_Dataset excerpt_
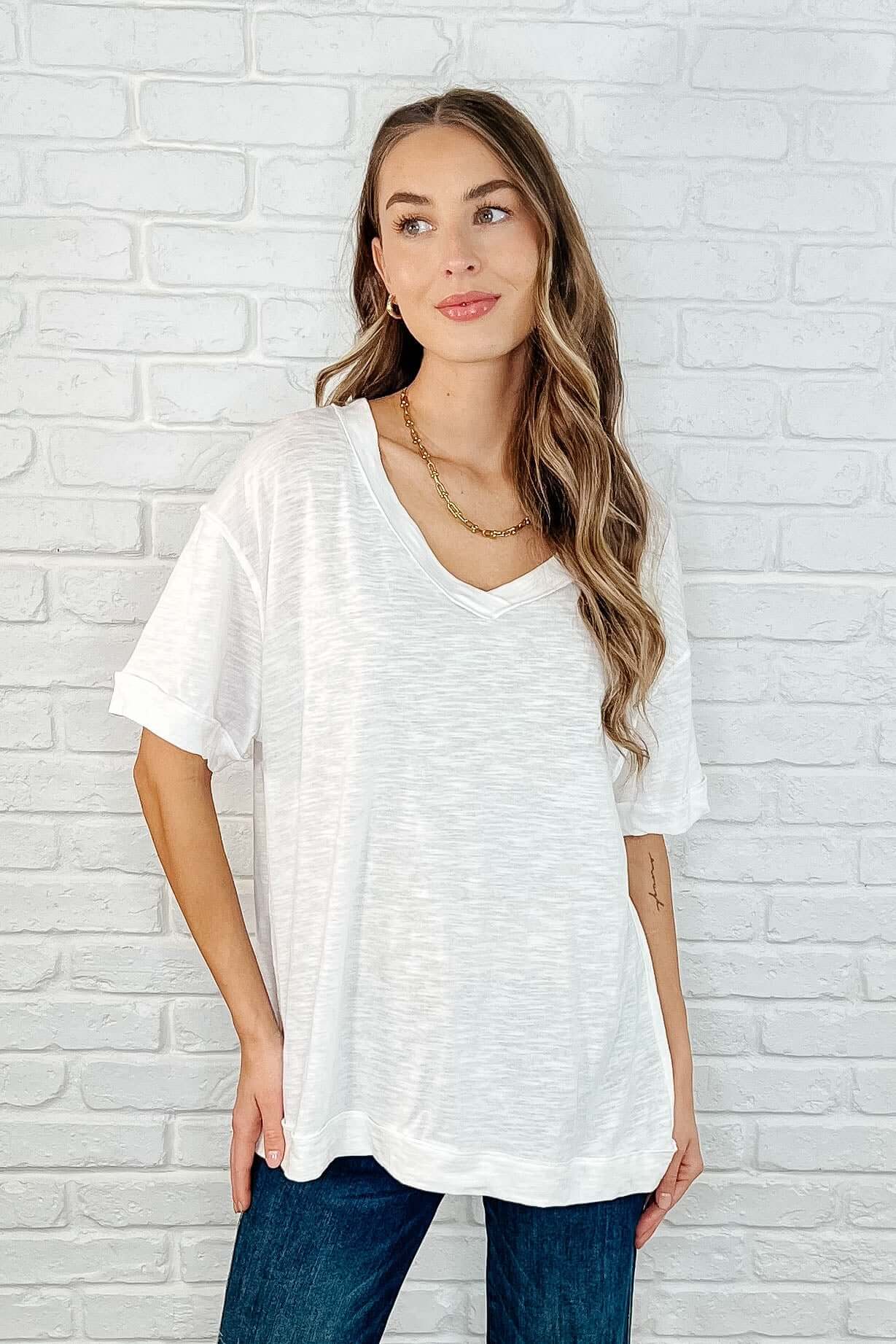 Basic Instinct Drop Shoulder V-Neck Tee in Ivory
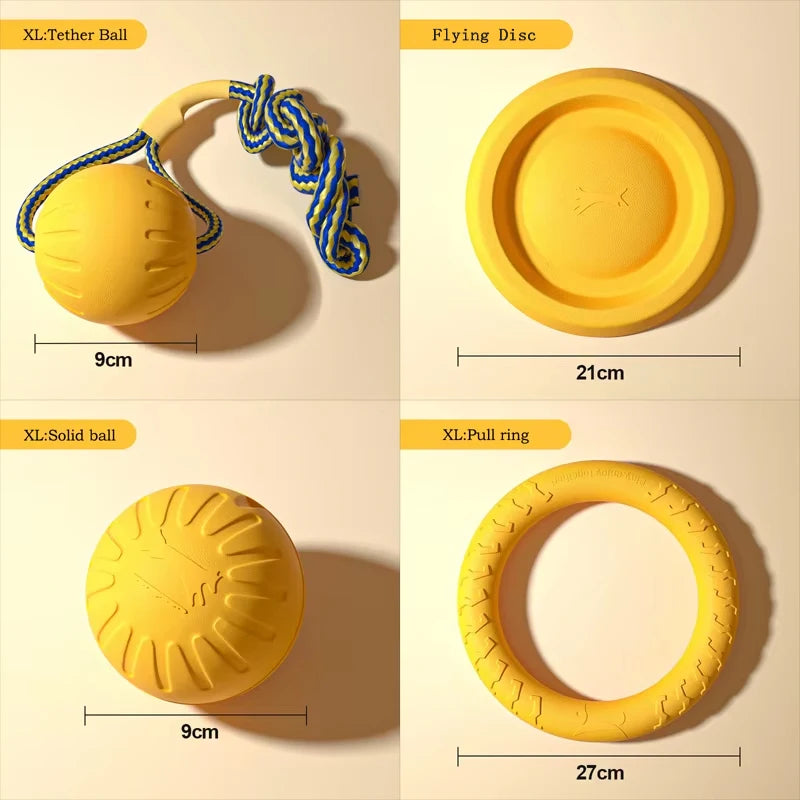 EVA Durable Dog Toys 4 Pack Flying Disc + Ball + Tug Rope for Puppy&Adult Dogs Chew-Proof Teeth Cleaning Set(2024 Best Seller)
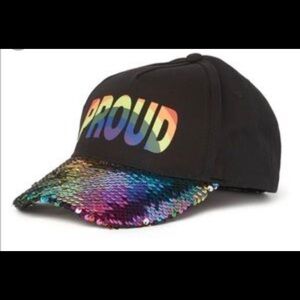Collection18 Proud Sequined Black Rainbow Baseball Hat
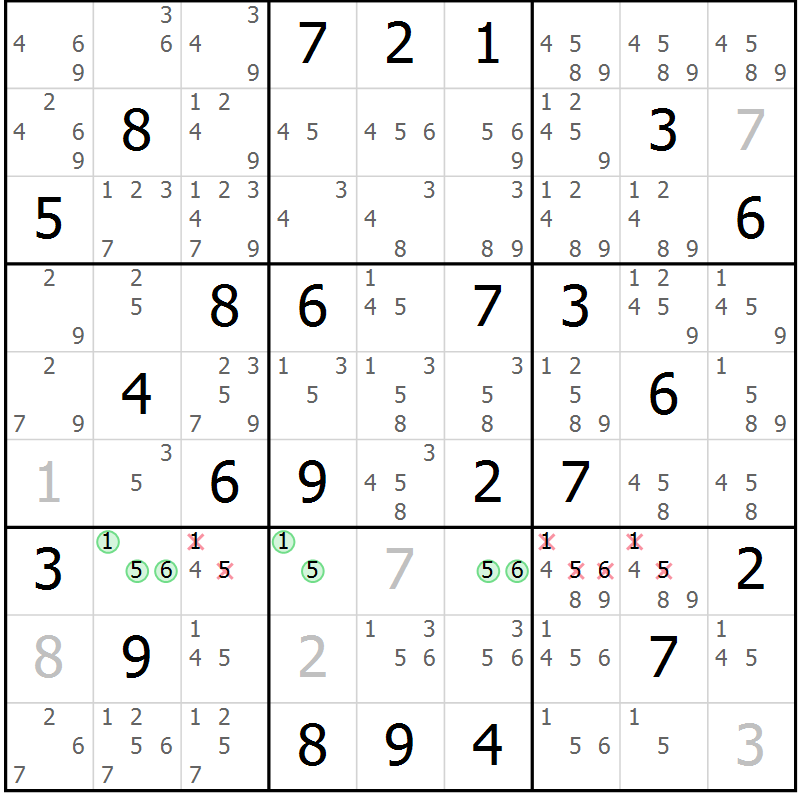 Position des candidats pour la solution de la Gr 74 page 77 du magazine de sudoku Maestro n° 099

_Assignment_
Write out the whole of the data exactly; the pictures stay out.

_Exercise result_
 Basic Instinct Drop Shoulder V-Neck Tee in Ivory
 EVA Durable Dog Toys 4 Pack Flying Disc + Ball + Tug Rope for Puppy&Adult Dogs Chew-Proof Teeth Cleaning Set(2024 Best Seller)
Collection18 Proud Sequined Black Rainbow Baseball Hat
 Position des candidats pour la solution de la Gr 74 page 77 du magazine de sudoku Maestro n° 099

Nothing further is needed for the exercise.